Please repeat exactly the lines below from the one containing "Chickens poultry Chicks" down to the one containing "Maltipoo puppy for", both included, and nothing else.

**DATA EXCERPTS**
>>>
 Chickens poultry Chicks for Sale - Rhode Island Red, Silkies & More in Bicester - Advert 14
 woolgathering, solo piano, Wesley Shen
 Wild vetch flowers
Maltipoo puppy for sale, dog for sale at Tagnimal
<<<
>>>
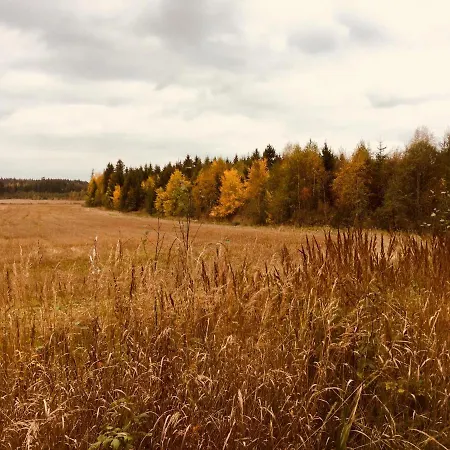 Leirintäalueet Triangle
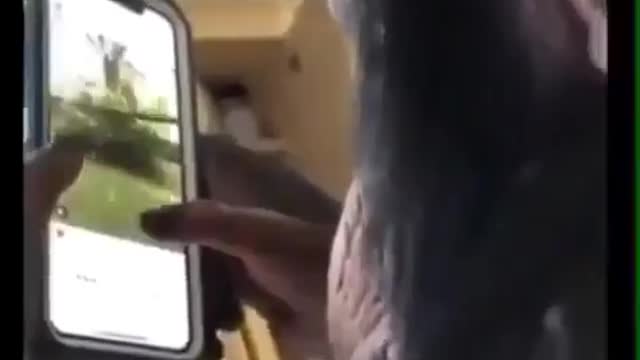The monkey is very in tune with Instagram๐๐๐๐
<<<
>>>
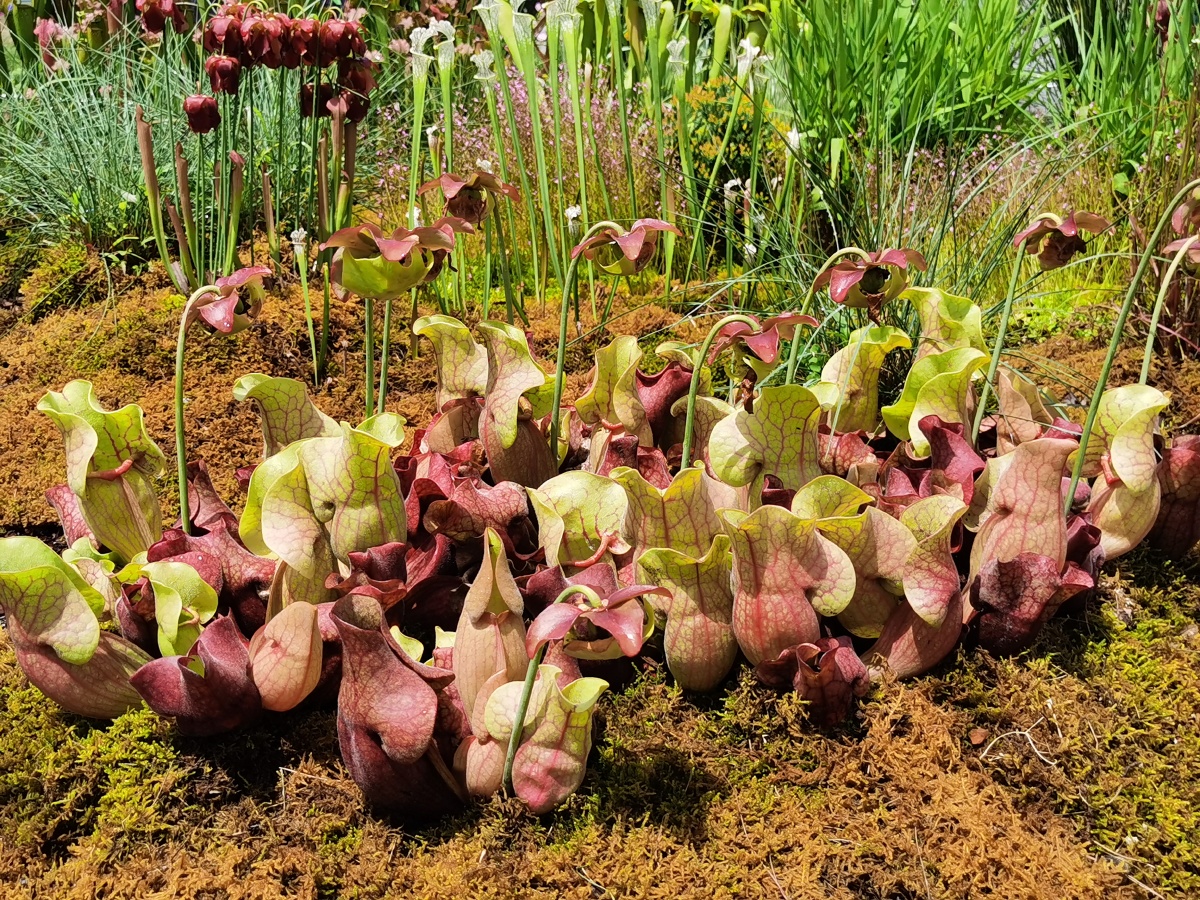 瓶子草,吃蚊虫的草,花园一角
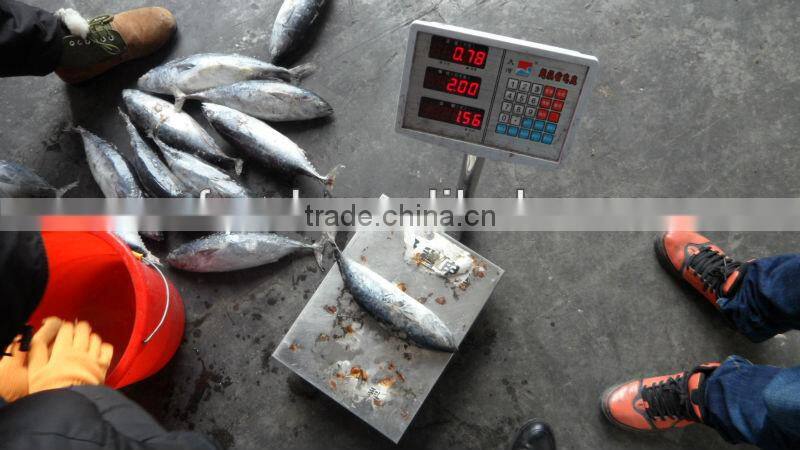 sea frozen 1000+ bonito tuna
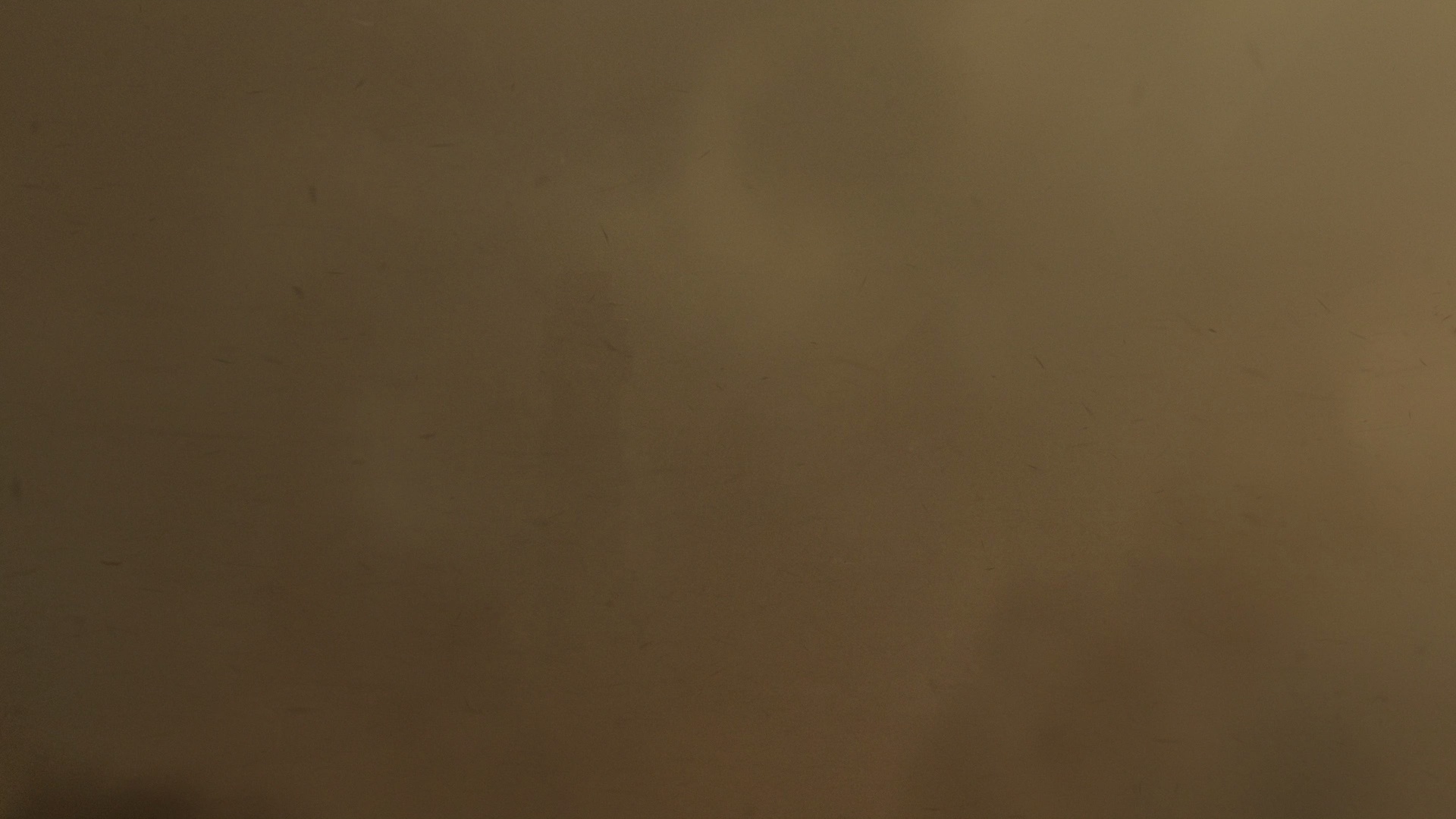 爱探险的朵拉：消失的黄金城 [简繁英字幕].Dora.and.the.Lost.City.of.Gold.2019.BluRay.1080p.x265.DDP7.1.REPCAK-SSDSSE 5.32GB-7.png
<<<
**EXERCISE SOLUTION**
 Chickens poultry Chicks for Sale - Rhode Island Red, Silkies & More in Bicester - Advert 14
 woolgathering, solo piano, Wesley Shen
 Wild vetch flowers
Maltipoo puppy for sale, dog for sale at Tagnimal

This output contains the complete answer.